Menurut Arin, tingkat literasi keuangan yang rendah dipicu karena industri keuangan semakin kompleks namun tidak diiringi dengan pemahaman konsep keuangan yang baik. Sehingga memberikan dampak pada kesulitan dalam pembuatan keputusan yang menguntungkan bagi kesejahteraan ekonominya (financial well-being), seperti terjebak pada hutang berlebih melalui pinjaman online (pinjol).
Selain itu juga, berdampak pada pengelolaan ekonomi yang buruk dan tidak efektif, sehingga rentan akan krisis keuangan dan kerugian akibat kejahatan (fraud) di sektor keuangan seperti yang sedang marak yakni penipuan investasi bodong yang digaungkan oleh para influencer millenial.
“Usia-usia generasi millenial lekat dengan karakter percaya diri, ekspresif, bersemangat dan terbuka pada tantangan. Kebanyakan berprinsip "kamu hidup sekali/you only live once" yang membuat gaya hidup serta biaya pergaulan mereka semakin meningkat,”jelas Arin Minggu (24/7/22)
Menurutnya generasi millennial juga terbiasa dengan barang yang selalu up to date, lebih mementingkan liburan untuk memenuhi keinginan swafoto di tempat yang indah dibandingkan memenuhi kebutuhan hidup utamanya, serta seringkali menghabiskan waktu di kafe mahal atau bahkan membeli baju hanya dengan pertimbangan brand/merk. Sehingga mereka sulit membedakan antara kebutuhan dan keinginan.
Hasil survey financial fitness indeks yang dilansir oleh OCBC NISP hasil kerjasama dengan NielsenIQ diketahui bahwa generasi millennial hanya ada 16% yang memiliki dana darurat. 86% menyatakan rutin menyisihkan sebagian dari pendapatan untuk ditabung, 43% ternyata masih meminjam uang dalam waktu 1 tahun terakhir.
Menurut penjelasan Arin, hanya 3% yang memiliki produk investasi, meskipun belum banyak yang berinvestasi secara benar, misal fenomena ikutan tren investasi saham maupun nekat terjun ke crypto currency, namun masih menggunakan uang hasil utang.

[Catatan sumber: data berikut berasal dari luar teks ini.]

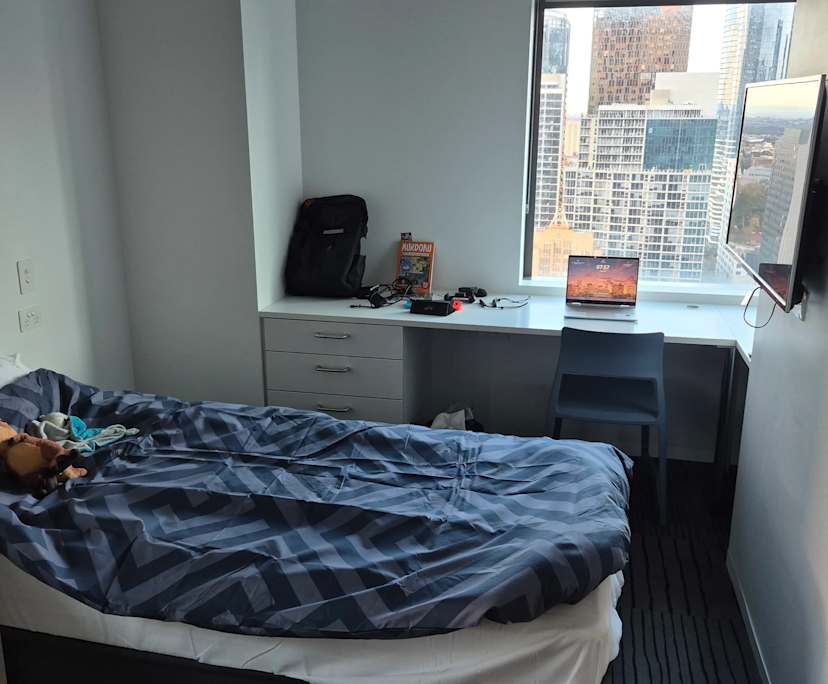 Furnished room in a share house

“Artinya, data tersebut menunjukkan darurat kesehatan keuangan pada generasi millennial kita, sehingga perlu adanya financial check-up dan optimalisasi pemahaman keuangan yang baik, supaya tidak terbawa arus tren keuangan yang merugikan,”imbuhnya lagi.
Adapun beberapa faktor utama dalam upaya meningkatkan kesehatan keuangan generasi millennial, diantaranya; dengan membuat alokasi anggaran, membuat pencatatan sederhana pengeluaran, konsultasi dengan financial planner dan terus belajar pengaturan keuangan.

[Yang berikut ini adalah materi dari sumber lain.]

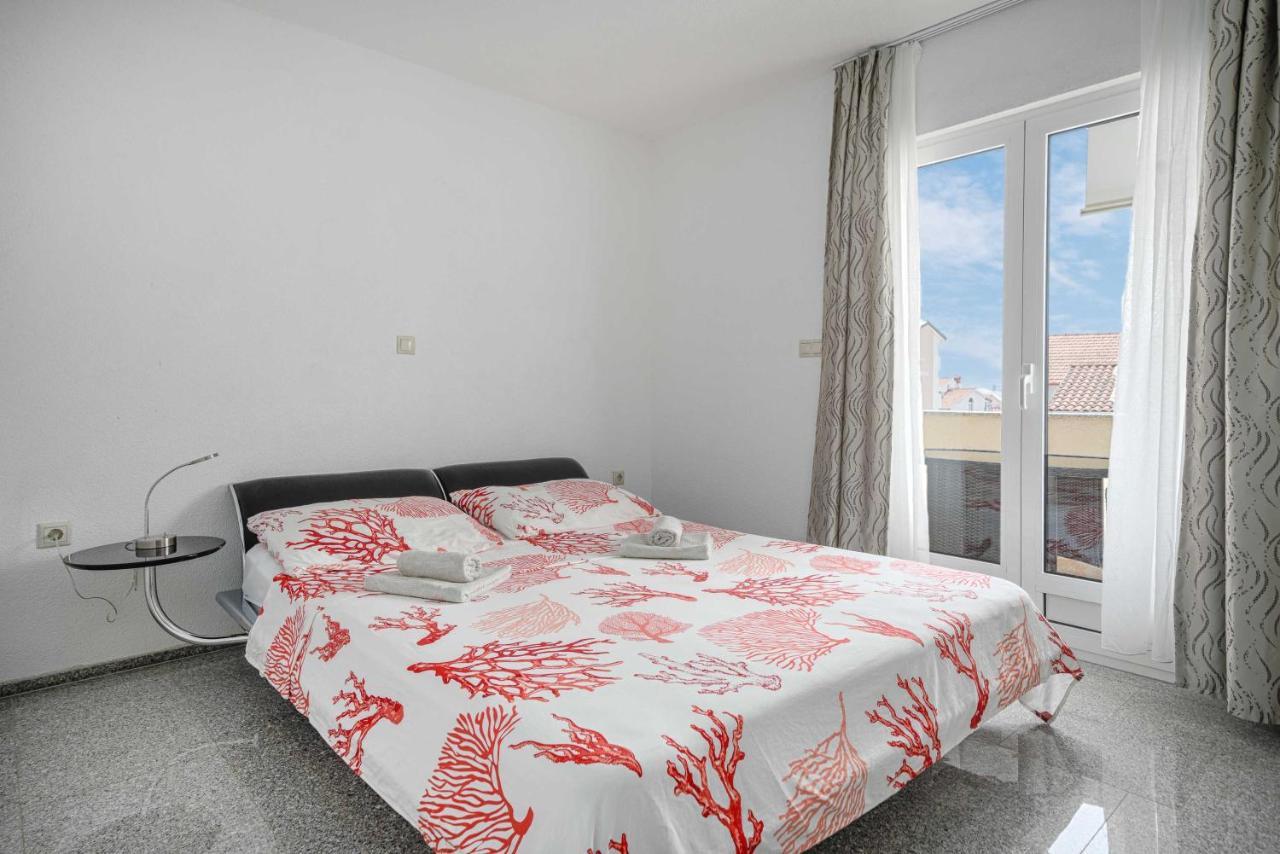 Apartments Miskovic Vodice Eksteriør bilde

Generasi millennial perlu menentukan 3 hal berikut supaya bisa lebih fokus dalam merencanakan dan mengelola keuangan, pertama menentukan tujuan keuangan jangka pendek dan jangka panjang. Kedua mengukur seberapa besar dana yang diperlukan untuk mewujudkan tujuan-tujuan tersebut. Ketiga membuat deadline untuk bisa memantau progress pengelolaan keuangan.
“Ketiga hal tersebut akan mengarahkan generasi millennial dalam pengelolaan keuangan berdasarkan skala prioritas,”tegasnya.
Arin menjelaskan tips yang bisa diterapkan dalam pengelolaan keuangan millennial sesuai skala prioritas, salah satunya melalui rumus 40-30-20-10 dalam keuangan. Dengan rincian sebagai berikut; 40% adalah anggaran untuk keperluan sehari-hari, 30% untuk kebutuhan utang, 20% untuk investasi dan tabungan, serta 10% untuk keperluan sosial maupun dana darurat.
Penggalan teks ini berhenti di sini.